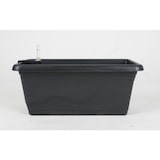 thumbnail of 6x Pflanzkasten `EXTRA LINE` 40x21x17cm Blumenkübel länglich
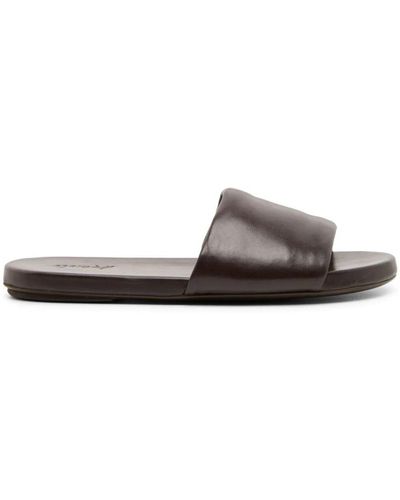 Marsèll Spanciata Sandals Shoes - Brown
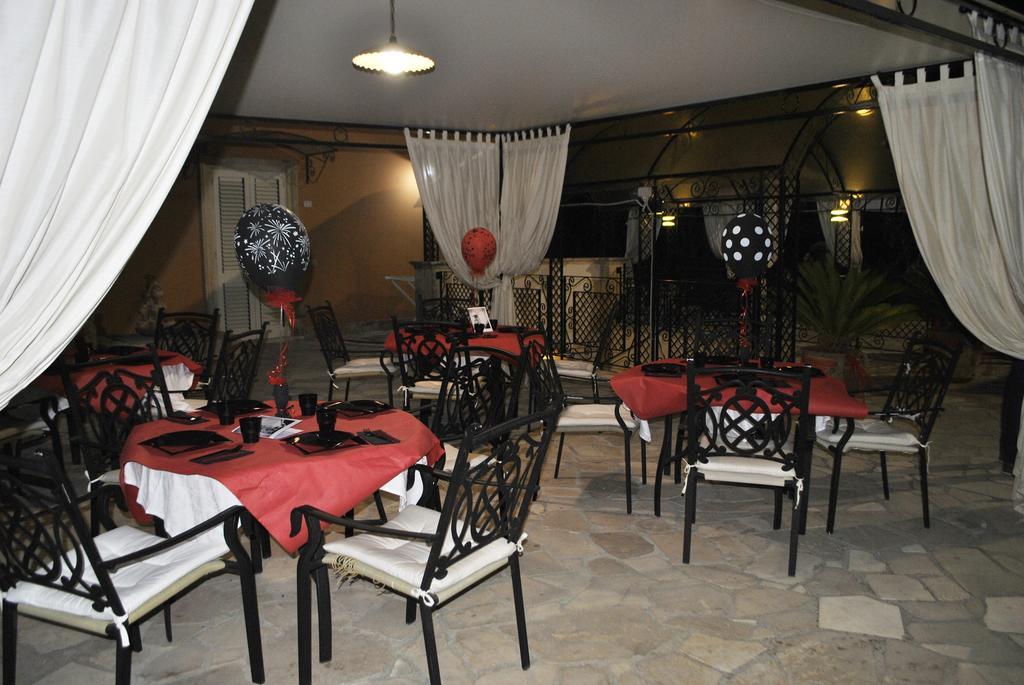 Tenuta Masseria Del Gallo Calimera  Eksteriør billede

> Activity:
Before handing back the copy, remove the pictures; otherwise print the data exactly.

> Reply to the task:
 thumbnail of 6x Pflanzkasten `EXTRA LINE` 40x21x17cm Blumenkübel länglich
 Marsèll Spanciata Sandals Shoes - Brown
 Tenuta Masseria Del Gallo Calimera  Eksteriør billede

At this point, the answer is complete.